_PROBLEM DESCRIPTION_:
Write each line out exactly, from the one containing "Property carousel item 28" through the final line of the data, and keep pictures out of the copy.

_DATA PROVIDED_:
* * * * * * * * *
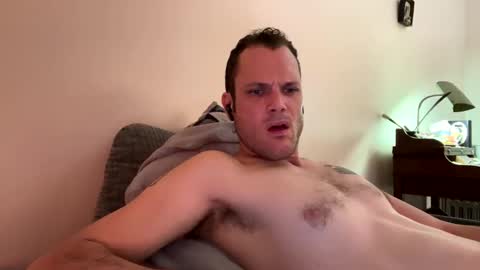 Snapshot of reed_thomas chatting on November 19, 2025, 12:10 am Reed Thomas online show from November 19, 2025, 12:10 am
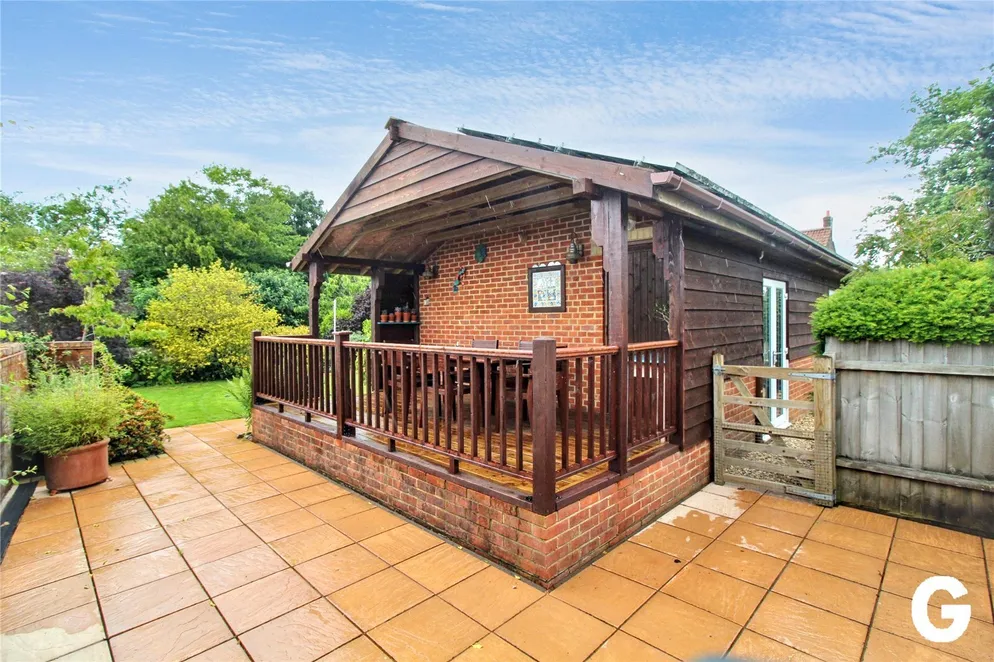 Property carousel item 28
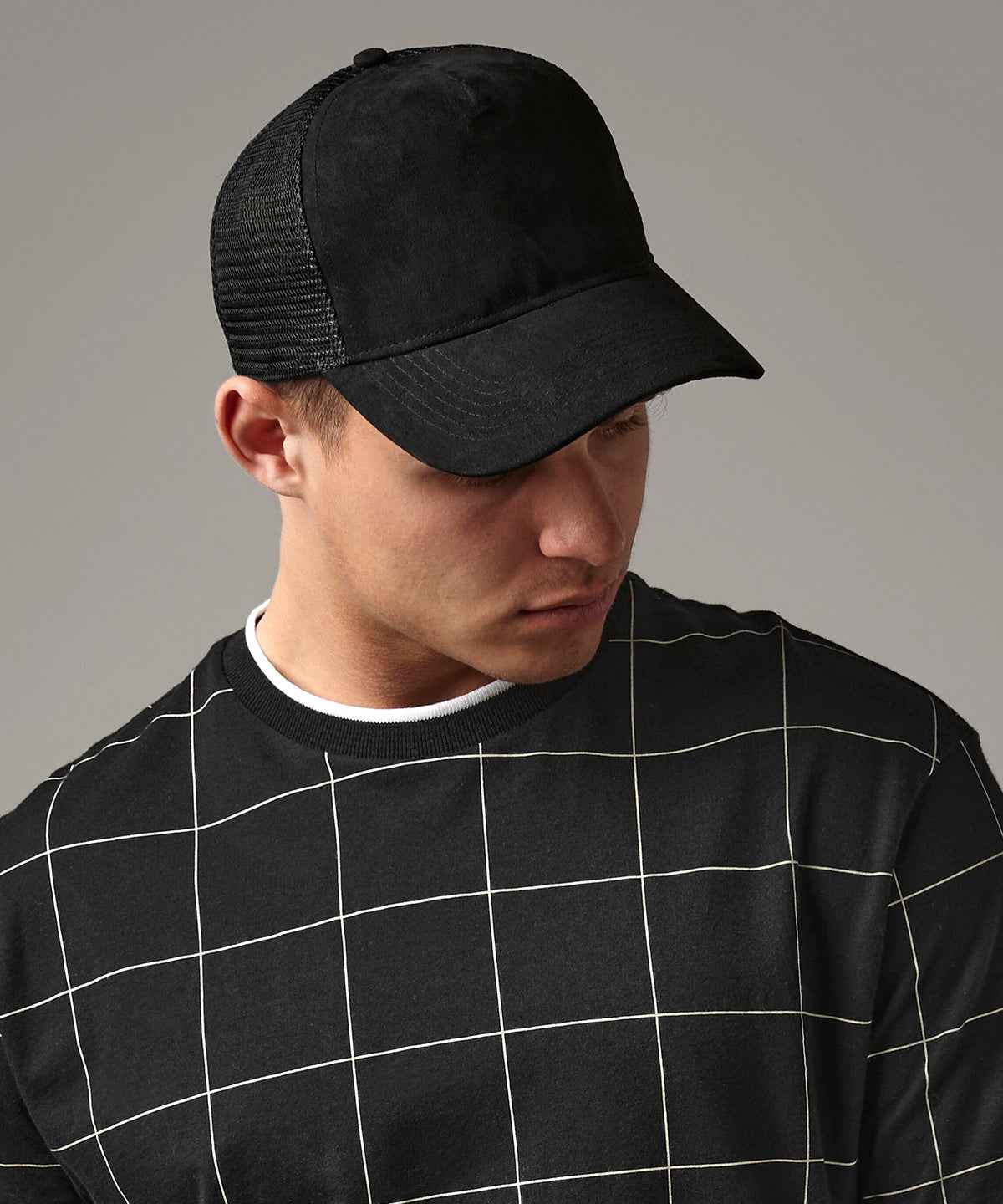 Suede snapback trucker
* * * * * * * * *
_PROBLEM SOLUTION_:
 Property carousel item 28
 Suede snapback trucker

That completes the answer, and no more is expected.